═══ DATASET EXCERPTS

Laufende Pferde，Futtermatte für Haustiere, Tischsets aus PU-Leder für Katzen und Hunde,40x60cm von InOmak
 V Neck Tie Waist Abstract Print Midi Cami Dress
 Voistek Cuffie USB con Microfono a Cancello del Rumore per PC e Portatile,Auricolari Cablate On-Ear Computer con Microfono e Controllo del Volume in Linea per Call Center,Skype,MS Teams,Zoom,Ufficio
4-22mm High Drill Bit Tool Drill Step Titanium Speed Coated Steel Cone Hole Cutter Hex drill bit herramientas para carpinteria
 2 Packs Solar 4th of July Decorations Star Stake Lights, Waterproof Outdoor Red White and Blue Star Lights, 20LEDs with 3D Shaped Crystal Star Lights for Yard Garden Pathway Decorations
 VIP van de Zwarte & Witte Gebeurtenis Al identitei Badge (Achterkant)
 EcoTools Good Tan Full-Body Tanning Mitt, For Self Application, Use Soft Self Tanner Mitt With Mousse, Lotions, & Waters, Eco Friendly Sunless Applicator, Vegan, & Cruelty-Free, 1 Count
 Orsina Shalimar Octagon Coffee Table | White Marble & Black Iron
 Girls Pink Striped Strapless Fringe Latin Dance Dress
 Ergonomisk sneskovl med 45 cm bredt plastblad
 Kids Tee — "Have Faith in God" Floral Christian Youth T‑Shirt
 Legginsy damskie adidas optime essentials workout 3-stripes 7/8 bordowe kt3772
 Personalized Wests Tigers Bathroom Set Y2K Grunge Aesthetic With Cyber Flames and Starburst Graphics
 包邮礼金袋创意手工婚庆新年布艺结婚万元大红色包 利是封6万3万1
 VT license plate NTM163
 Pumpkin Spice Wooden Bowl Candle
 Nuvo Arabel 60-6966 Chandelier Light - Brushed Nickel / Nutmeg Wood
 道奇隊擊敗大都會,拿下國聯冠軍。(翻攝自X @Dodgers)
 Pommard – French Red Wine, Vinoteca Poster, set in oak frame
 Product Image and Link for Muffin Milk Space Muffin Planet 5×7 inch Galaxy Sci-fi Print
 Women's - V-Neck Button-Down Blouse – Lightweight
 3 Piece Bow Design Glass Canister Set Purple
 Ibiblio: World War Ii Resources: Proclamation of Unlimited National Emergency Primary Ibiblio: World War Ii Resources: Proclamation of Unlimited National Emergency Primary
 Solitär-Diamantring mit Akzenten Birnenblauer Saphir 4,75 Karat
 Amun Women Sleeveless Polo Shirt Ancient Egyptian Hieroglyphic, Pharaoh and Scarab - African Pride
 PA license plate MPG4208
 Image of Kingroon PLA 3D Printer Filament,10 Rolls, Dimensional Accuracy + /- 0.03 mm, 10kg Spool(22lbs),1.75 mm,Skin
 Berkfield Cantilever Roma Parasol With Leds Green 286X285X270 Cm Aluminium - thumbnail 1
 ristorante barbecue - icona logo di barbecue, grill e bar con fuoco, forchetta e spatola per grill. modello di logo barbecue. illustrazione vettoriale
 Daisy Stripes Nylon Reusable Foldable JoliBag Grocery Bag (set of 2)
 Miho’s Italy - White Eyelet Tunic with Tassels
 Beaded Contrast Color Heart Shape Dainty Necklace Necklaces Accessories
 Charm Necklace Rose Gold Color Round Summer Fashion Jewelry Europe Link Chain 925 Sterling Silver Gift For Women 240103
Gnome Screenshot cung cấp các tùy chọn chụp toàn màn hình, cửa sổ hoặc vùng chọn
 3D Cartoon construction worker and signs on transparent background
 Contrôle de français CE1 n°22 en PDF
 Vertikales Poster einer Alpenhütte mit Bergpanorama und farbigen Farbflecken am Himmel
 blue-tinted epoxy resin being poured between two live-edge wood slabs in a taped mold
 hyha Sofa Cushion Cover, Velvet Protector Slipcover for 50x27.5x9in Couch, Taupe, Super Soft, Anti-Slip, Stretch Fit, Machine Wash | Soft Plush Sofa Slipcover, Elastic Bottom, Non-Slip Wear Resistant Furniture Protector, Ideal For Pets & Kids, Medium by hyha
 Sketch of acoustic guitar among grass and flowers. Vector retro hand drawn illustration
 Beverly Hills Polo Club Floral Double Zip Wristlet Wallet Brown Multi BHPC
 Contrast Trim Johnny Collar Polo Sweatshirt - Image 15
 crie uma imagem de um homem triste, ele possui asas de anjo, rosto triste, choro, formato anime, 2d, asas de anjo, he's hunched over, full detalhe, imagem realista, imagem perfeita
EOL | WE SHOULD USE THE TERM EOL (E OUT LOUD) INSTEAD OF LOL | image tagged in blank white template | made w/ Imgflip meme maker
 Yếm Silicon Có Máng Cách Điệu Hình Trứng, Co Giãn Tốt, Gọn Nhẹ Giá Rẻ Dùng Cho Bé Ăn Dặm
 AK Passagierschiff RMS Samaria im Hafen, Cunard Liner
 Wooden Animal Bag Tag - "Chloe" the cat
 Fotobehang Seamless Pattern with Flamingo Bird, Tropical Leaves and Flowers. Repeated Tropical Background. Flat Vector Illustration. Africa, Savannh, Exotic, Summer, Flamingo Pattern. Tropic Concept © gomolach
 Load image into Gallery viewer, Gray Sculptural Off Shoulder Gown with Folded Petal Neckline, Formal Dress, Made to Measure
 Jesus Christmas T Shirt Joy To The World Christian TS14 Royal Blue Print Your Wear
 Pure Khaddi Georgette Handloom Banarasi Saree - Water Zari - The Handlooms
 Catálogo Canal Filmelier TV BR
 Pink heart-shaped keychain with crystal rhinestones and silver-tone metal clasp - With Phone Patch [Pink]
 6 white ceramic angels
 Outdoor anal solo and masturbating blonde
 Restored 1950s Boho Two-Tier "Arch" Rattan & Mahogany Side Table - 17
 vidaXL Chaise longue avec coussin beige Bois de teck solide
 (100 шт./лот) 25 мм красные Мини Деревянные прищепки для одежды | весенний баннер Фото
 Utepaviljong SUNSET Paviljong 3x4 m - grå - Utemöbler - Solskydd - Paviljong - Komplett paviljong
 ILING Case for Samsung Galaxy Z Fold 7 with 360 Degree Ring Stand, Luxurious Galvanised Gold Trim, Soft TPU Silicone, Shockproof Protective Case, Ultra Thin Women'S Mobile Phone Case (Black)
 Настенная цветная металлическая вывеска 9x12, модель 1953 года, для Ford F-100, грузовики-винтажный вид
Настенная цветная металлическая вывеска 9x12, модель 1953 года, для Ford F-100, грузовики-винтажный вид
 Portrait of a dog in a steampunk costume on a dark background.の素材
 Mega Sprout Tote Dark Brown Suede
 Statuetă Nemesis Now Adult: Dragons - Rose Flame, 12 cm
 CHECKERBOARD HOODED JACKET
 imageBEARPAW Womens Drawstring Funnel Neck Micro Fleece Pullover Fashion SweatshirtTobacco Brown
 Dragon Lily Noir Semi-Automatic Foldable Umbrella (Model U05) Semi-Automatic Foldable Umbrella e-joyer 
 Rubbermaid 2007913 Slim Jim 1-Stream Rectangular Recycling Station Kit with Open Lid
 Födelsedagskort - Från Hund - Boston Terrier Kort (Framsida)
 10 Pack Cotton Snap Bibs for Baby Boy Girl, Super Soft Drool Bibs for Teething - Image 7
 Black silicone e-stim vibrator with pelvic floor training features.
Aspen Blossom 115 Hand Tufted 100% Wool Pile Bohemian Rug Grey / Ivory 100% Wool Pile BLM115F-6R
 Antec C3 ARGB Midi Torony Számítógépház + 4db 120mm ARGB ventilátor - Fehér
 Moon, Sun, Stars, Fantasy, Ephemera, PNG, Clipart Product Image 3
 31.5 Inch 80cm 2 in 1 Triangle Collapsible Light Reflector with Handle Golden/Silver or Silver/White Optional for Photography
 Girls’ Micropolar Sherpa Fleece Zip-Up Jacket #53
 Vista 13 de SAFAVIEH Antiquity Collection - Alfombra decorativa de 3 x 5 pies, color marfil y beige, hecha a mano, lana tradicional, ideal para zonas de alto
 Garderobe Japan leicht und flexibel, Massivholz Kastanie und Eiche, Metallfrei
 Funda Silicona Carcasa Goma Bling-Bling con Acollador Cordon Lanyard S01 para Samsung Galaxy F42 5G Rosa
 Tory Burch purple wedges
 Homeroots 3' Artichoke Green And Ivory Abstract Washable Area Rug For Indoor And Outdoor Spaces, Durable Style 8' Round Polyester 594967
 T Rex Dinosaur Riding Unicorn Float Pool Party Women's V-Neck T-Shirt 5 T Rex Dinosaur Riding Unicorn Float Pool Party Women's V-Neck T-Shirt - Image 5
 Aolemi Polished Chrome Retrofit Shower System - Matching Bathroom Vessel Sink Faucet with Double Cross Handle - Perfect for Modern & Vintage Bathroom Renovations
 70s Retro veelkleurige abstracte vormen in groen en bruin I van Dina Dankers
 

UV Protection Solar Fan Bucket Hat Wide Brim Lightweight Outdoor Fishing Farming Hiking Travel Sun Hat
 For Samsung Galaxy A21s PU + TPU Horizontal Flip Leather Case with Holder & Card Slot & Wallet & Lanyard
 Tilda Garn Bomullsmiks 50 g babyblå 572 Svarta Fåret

══════

▶ **ABOUT THIS EXERCISE**: Starting at the line above that contains "包邮礼金袋创意手工婚庆新年布艺结婚万元大红色包 利是封6万3万1", repeat each line exactly up to and including the line that contains "Beaded Contrast Color", and stop there.

▶ **REPLY TO THE EXERCISE**:
 包邮礼金袋创意手工婚庆新年布艺结婚万元大红色包 利是封6万3万1
 VT license plate NTM163
 Pumpkin Spice Wooden Bowl Candle
 Nuvo Arabel 60-6966 Chandelier Light - Brushed Nickel / Nutmeg Wood
 道奇隊擊敗大都會,拿下國聯冠軍。(翻攝自X @Dodgers)
 Pommard – French Red Wine, Vinoteca Poster, set in oak frame
 Product Image and Link for Muffin Milk Space Muffin Planet 5×7 inch Galaxy Sci-fi Print
 Women's - V-Neck Button-Down Blouse – Lightweight
 3 Piece Bow Design Glass Canister Set Purple
 Ibiblio: World War Ii Resources: Proclamation of Unlimited National Emergency Primary Ibiblio: World War Ii Resources: Proclamation of Unlimited National Emergency Primary
 Solitär-Diamantring mit Akzenten Birnenblauer Saphir 4,75 Karat
 Amun Women Sleeveless Polo Shirt Ancient Egyptian Hieroglyphic, Pharaoh and Scarab - African Pride
 PA license plate MPG4208
 Image of Kingroon PLA 3D Printer Filament,10 Rolls, Dimensional Accuracy + /- 0.03 mm, 10kg Spool(22lbs),1.75 mm,Skin
 Berkfield Cantilever Roma Parasol With Leds Green 286X285X270 Cm Aluminium - thumbnail 1
 ristorante barbecue - icona logo di barbecue, grill e bar con fuoco, forchetta e spatola per grill. modello di logo barbecue. illustrazione vettoriale
 Daisy Stripes Nylon Reusable Foldable JoliBag Grocery Bag (set of 2)
 Miho’s Italy - White Eyelet Tunic with Tassels
 Beaded Contrast Color Heart Shape Dainty Necklace Necklaces Accessories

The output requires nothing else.